Eine Herausforderung bei der Erfassung des Erwärmungsprozesses während der Stromübertragung ist der hochdynamische Vorgangsablauf. Dieser setzt spezielle, zeitlich hoch auflösende Messinstrumente voraus, um quantitative Aussagen über die Einflussparameter treffen zu können. Dabei erschwert die Vielzahl unterschiedlicher Einflussgrößen, wie z.B. die elektrischen, mechanischen oder thermischen Merkmale der Kontaktpaarung, die Auslegung und Optimierung des Systems.

Bis ein vollständiges Kontaktsystem in die Infrastruktur des Betreibers integriert werden kann, ist eine ganzheitliche Betrachtung vom Einzelkontakt bis zum integrierten System notwendig. Ausgangspunkt hierbei ist die Auswahl passender Kontaktmaterialien sowie die Festlegung geeigneter geometrischer Formen. Diese Faktoren beeinflussen maßgeblich das thermische und mechanische Verhalten der einzelnen Bauteile.

Zusätzlich können über die Oberflächenstrukturierung und -beschichtung die elektrischen Eigenschaften definiert werden. Beim Zusammenfügen der Einzelkörper zu einem Gesamtsystem muss deren gegenseitige Wechselwirkung Berücksichtigung finden.

Technische Ausstattung

Beispielkonfiguration einer Kontaktpaarung

Zur Charakterisierung von Kontaktkörpern und -systemen für die Hochstromübertragung wurde am Fraunhofer IVI ein Prüfstand entwickelt und aufgebaut.
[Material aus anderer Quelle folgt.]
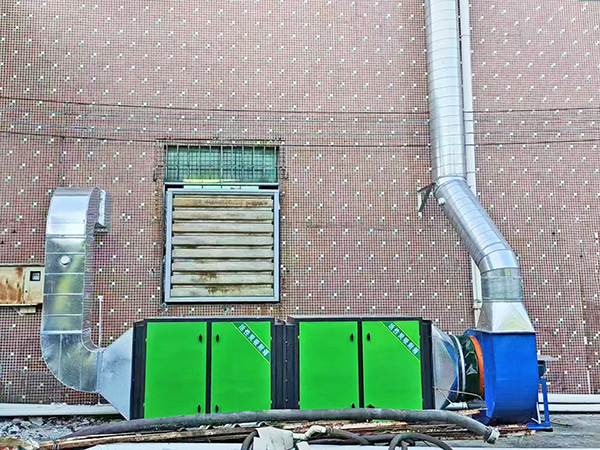 二级活性炭吸附（1套...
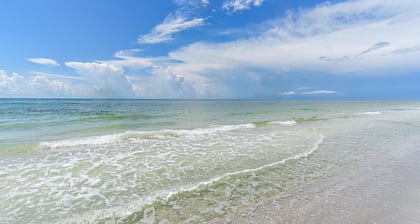 Beach Castle Resort, Pool, Private Beach and Bayfront
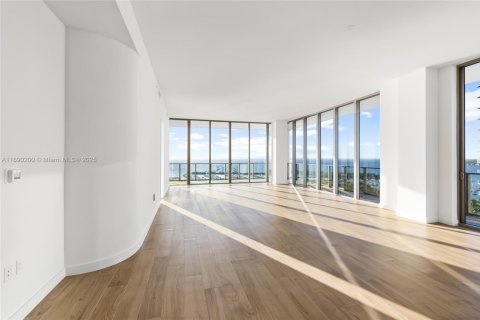 Condo in Miami, Florida, 4 bedrooms  № 1441434 - photo 9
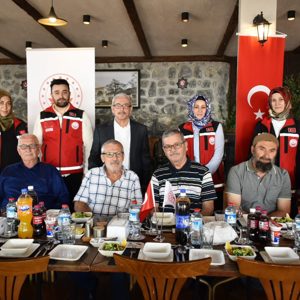 Bursa Valiliği’nin himayelerinde, aziz şehitlerimizin emaneti kıymetli babalarının onuruna Babalar Günü programı düzenlendi - fotoğraf 6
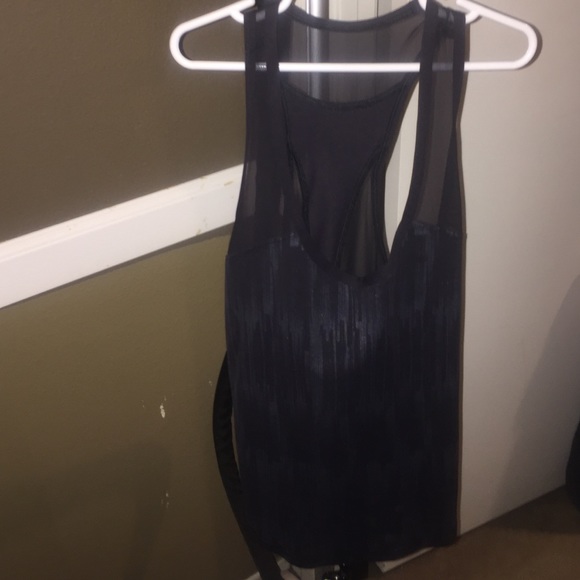 Lululemon lace tank!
Aufgrund der schnellen Messwerterfassung lassen sich auch dynamische Abläufe untersuchen und automatisch auswerten:

  • Abtastrate der Steuer- und Messsignale 400 Hz bis 220 kHz,
  • Kontaktwiderstände mit einer Messgenauigkeit bis zu 5 μW,
  • einstellbare Kontaktkräfte
  • Stromübertragung bis 3000 A.

Die experimentellen Untersuchungen werden durch modellbasierte Simulationen des thermischen und mechanischen Verhaltens der Kontaktpartner begleitet, so dass Wirkungszusammenhänge zwischen einzelnen Eingangsparametern und deren Einfluss auf das Gesamtsystem besser erfassbar sind. Eine Weiterentwicklung und Optimierung lässt sich damit ohne aufwendige Tests vornehmen, was erhebliche Zeit- und Kosteneinsparungen mit sich bringt.

 

Leistungsangebot

Das Fraunhofer-Institut für Verkehrs- und Infrastruktursysteme IVI Dresden bietet die Entwicklung von Systemlösungen für die schnelle Übertragung elektrischer Energie auf Fahrzeuge an. Dabei steht eine durchgehende Betrachtung vom Einzelkontakt bis zum vollständigen Kontaktsystem im Vordergrund. Zudem können Analysen und Optimierungen bereits umgesetzter Kontaktsysteme ausgeführt werden. Hierbei schafft eine eingehende Charakterisierung der Eigenschaften die Grundlage sowohl für das Aufdecken von Fehlfunktionen und Schwachstellen als auch für eine Weiterentwicklung. Durch eine gezielte Veränderung der Parameter ist eine Adaption technischer Eigenschaften auf die speziellen Bedingungen der Hochstromübertragung möglich.

Referenzen

Lehnert, M., Klausner, S., Gamsizlar, Ö., Nieberle, R.: Neuartige Schnellladeeinrichtung für Traktionsenergiespeicher auf Stadtbahnen. TU Dresden, Fakultät Verkehrswissenschaften »Friedrich List«: VWT Dresden, 2009.